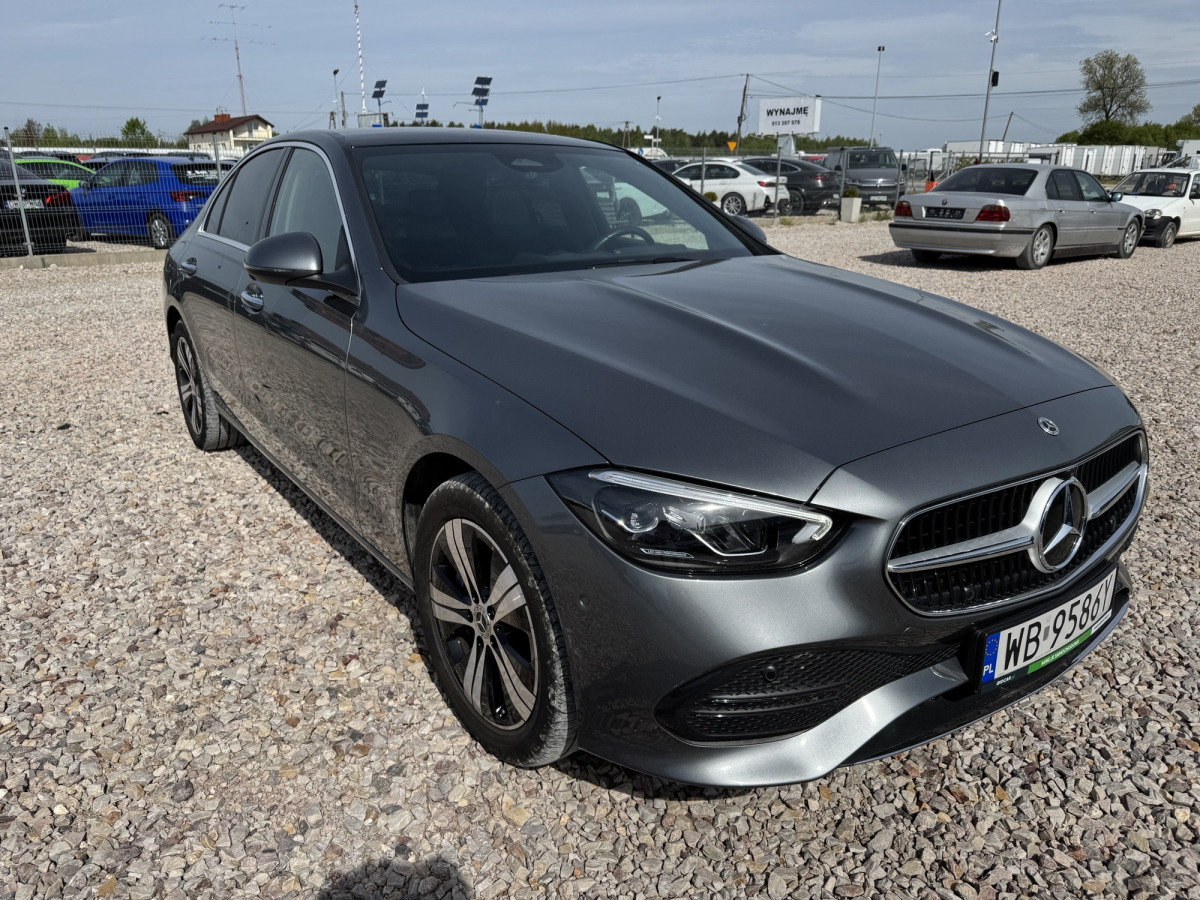 MERCEDES BENZ KLASA C SEDAN - Autovettura: foto 1 MERCEDES BENZ KLASA C SEDAN - Autovettura: foto 1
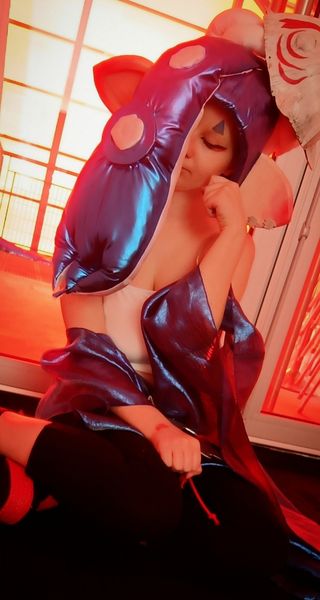 Olynya_.cos💮 - Shiver splatoon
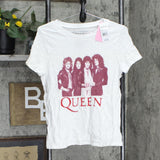 Bravado Women's Queen Short Sleeve Graphic T-Shirt (Juniors') 32771281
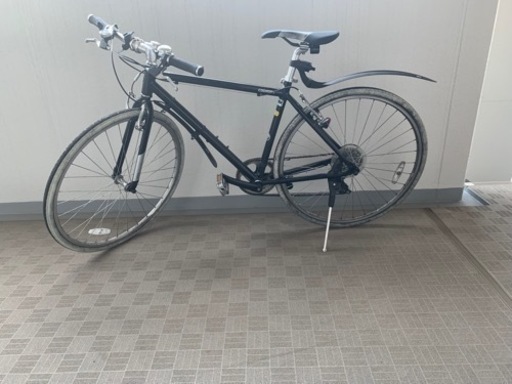 お引き取りされる方内定クロスバイク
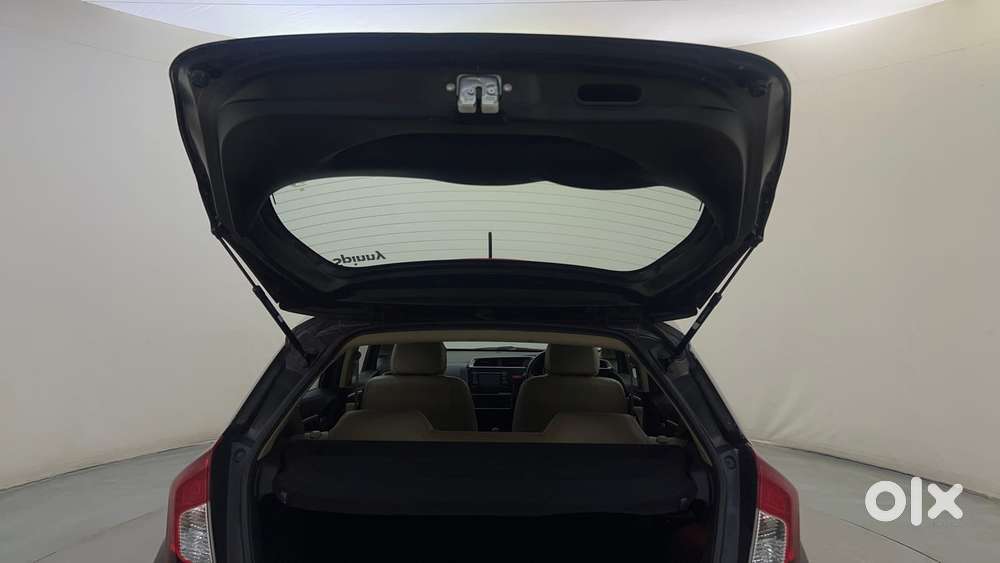 Honda Jazz [ ] 1.2 V I-vtec Mt, 2016, Petrol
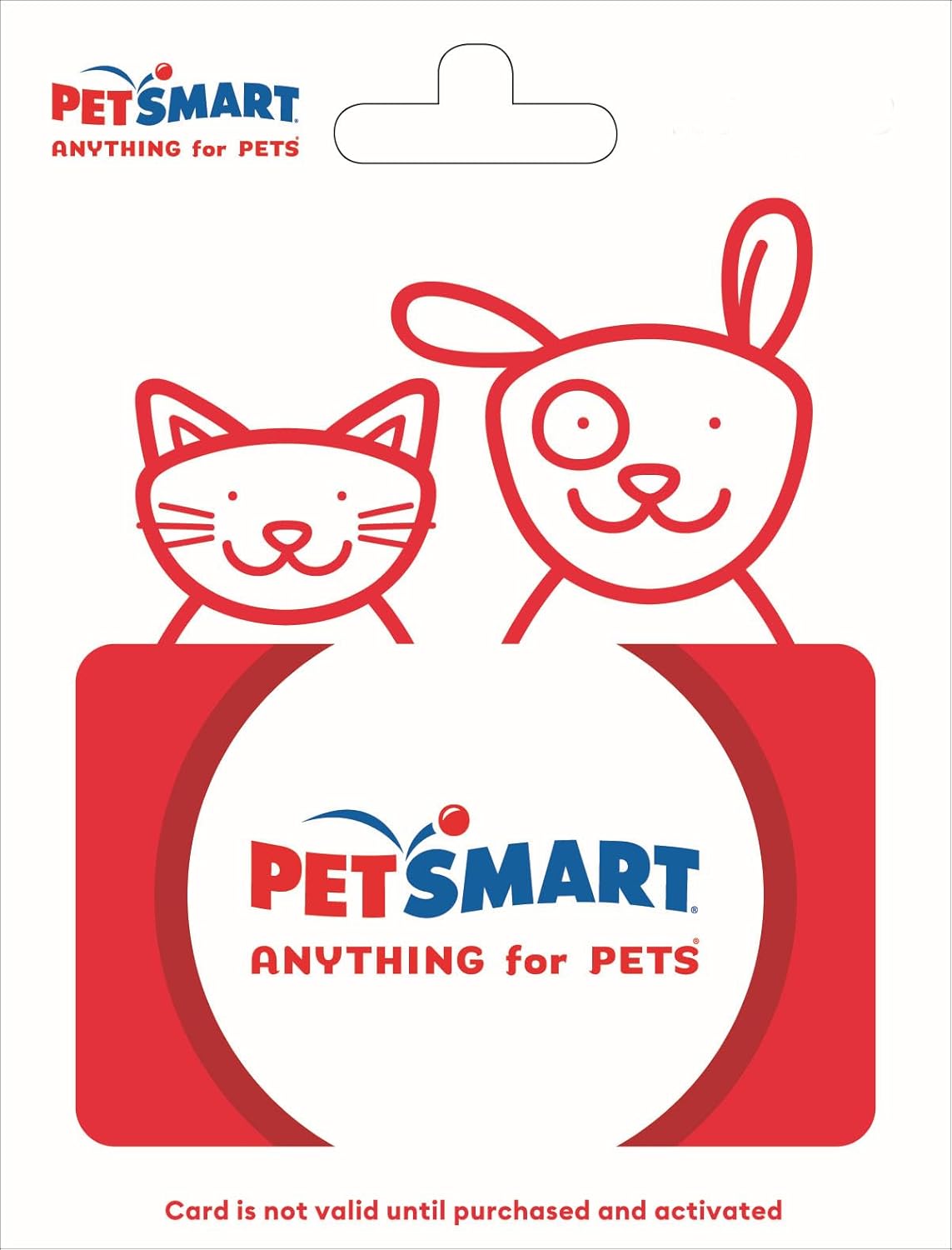 PetSmart Gift Card Thumbnail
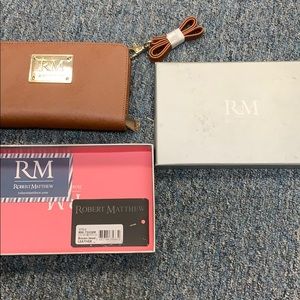 Robert Matthew wallet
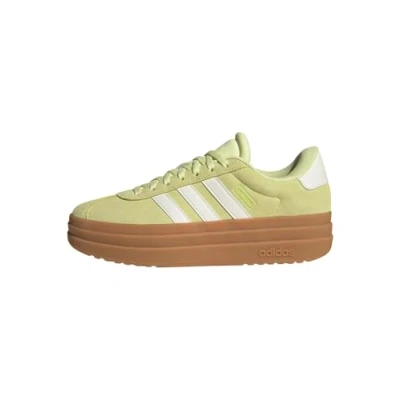 Afbeelding van adidas Sportswear VL Court Bold Schoenen Dames Geel 40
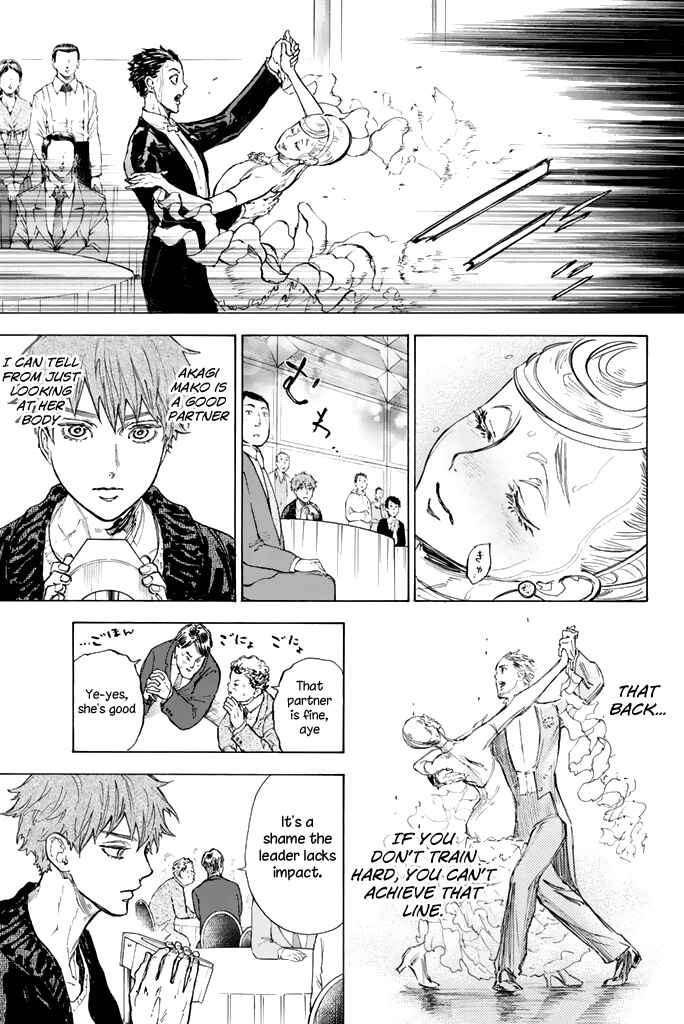 Page 21 Chapter 11 Welcome to the Ballroom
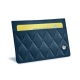 クレジットカードホルダー　X2 - RFID / NFC 保護機能付き - Blu mediterran - Couture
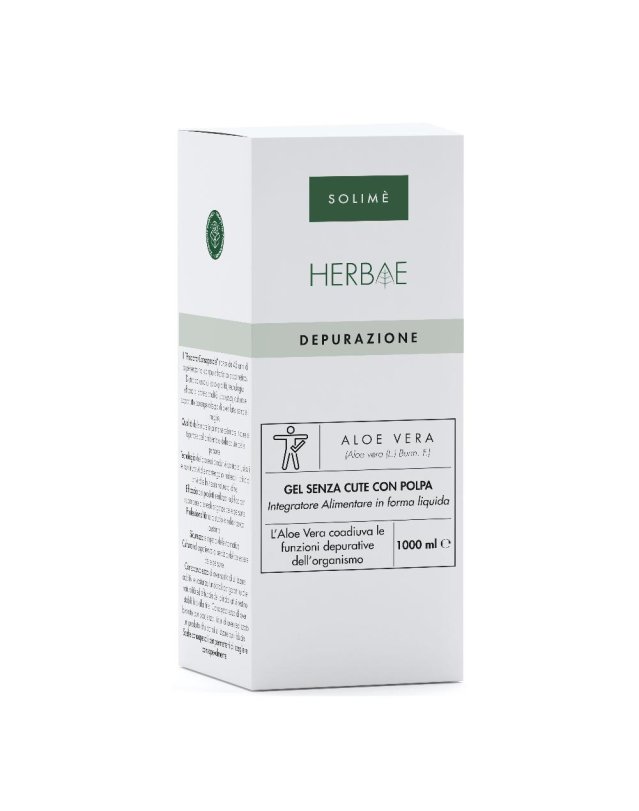 ALOE VERA 1000ML (930975) SOLI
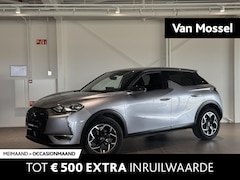 DS 3 Crossback - 1.2 PureTech Business | AUTOMAAT | Navigatie | Camera | Climate control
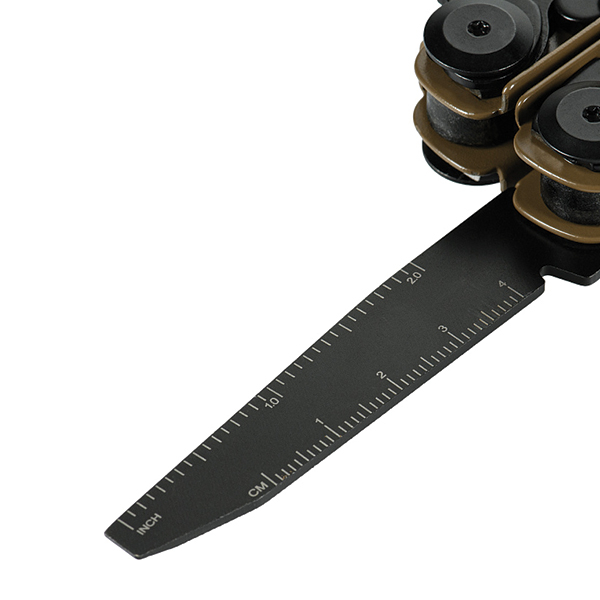 M-Tac мультитул Type 9 Brown/Black. Фото 14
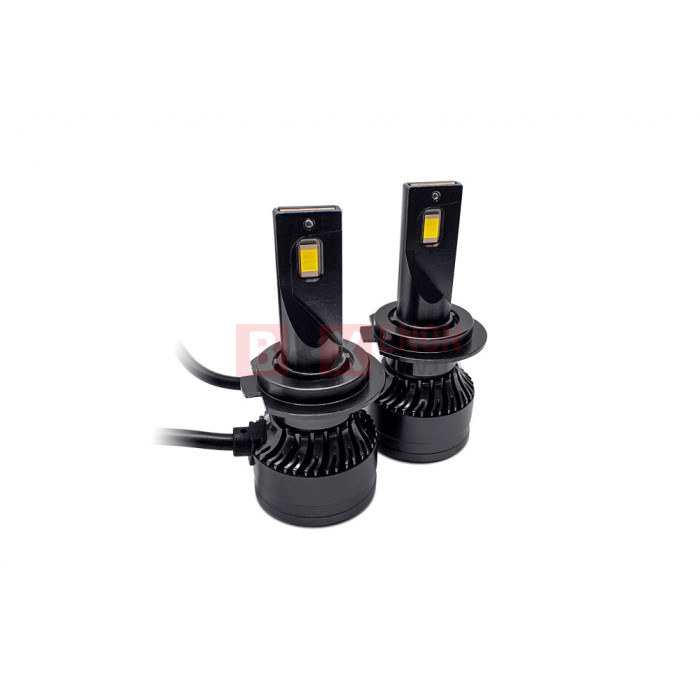 Комплект світлодіодних LED ламп Torssen Ultra Red H7 6000K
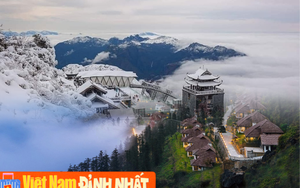 Thị trấn ở Việt Nam luôn lạnh 15 độ, vượt qua Vân Nam (Trung Quốc) trở thành điểm tránh nóng lọt top thế giới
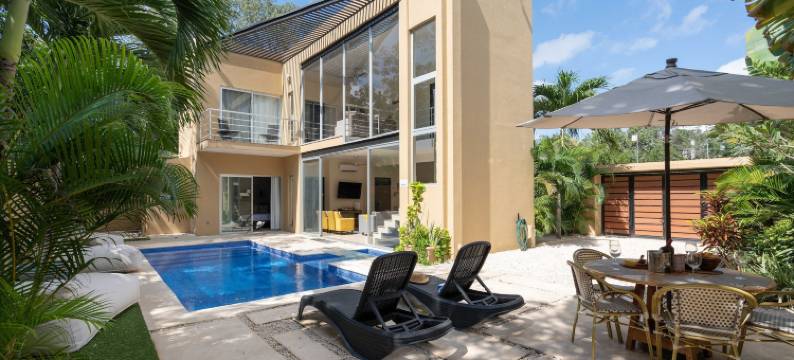 米索玛雅酒店(Meso Maya)图片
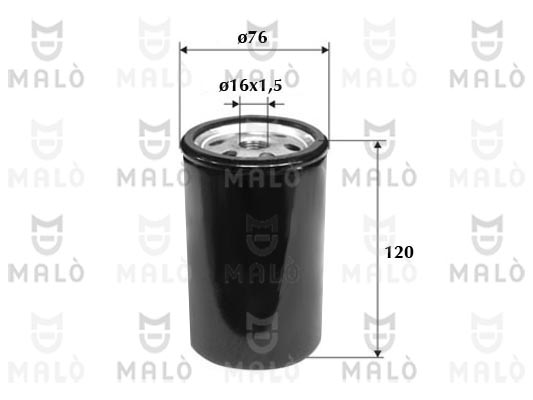 FILTRO CARBURANTE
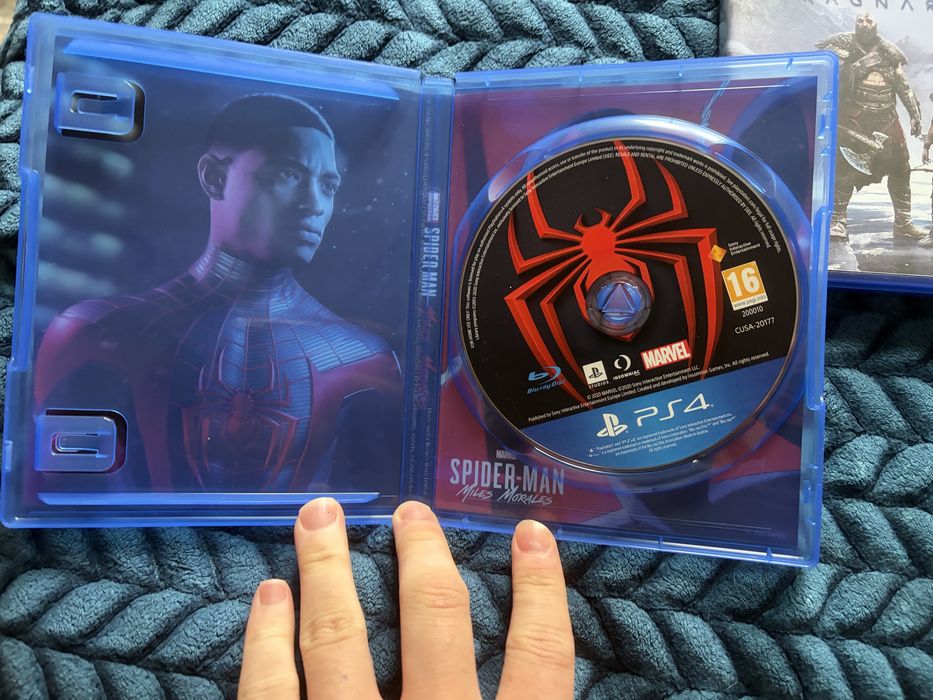 продам игры на пс4
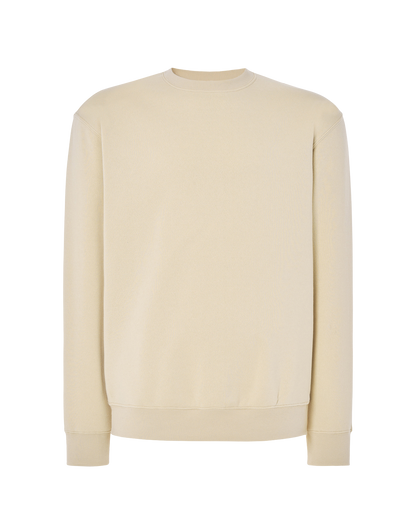 Sudadera Cuello Redondo Premium (300grs)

> What the exercise asks: Leaving out the pictures, output the listing above exactly as given.

> Answer:
 MERCEDES BENZ KLASA C SEDAN - Autovettura: foto 1 MERCEDES BENZ KLASA C SEDAN - Autovettura: foto 1
 Olynya_.cos💮 - Shiver splatoon
 Bravado Women's Queen Short Sleeve Graphic T-Shirt (Juniors') 32771281
 お引き取りされる方内定クロスバイク
 Honda Jazz [ ] 1.2 V I-vtec Mt, 2016, Petrol
 PetSmart Gift Card Thumbnail
 Robert Matthew wallet
 Afbeelding van adidas Sportswear VL Court Bold Schoenen Dames Geel 40
 Page 21 Chapter 11 Welcome to the Ballroom
 クレジットカードホルダー　X2 - RFID / NFC 保護機能付き - Blu mediterran - Couture
 ALOE VERA 1000ML (930975) SOLI
 DS 3 Crossback - 1.2 PureTech Business | AUTOMAAT | Navigatie | Camera | Climate control
 M-Tac мультитул Type 9 Brown/Black. Фото 14
 Комплект світлодіодних LED ламп Torssen Ultra Red H7 6000K
 Thị trấn ở Việt Nam luôn lạnh 15 độ, vượt qua Vân Nam (Trung Quốc) trở thành điểm tránh nóng lọt top thế giới
 米索玛雅酒店(Meso Maya)图片
 FILTRO CARBURANTE
 продам игры на пс4
 Sudadera Cuello Redondo Premium (300grs)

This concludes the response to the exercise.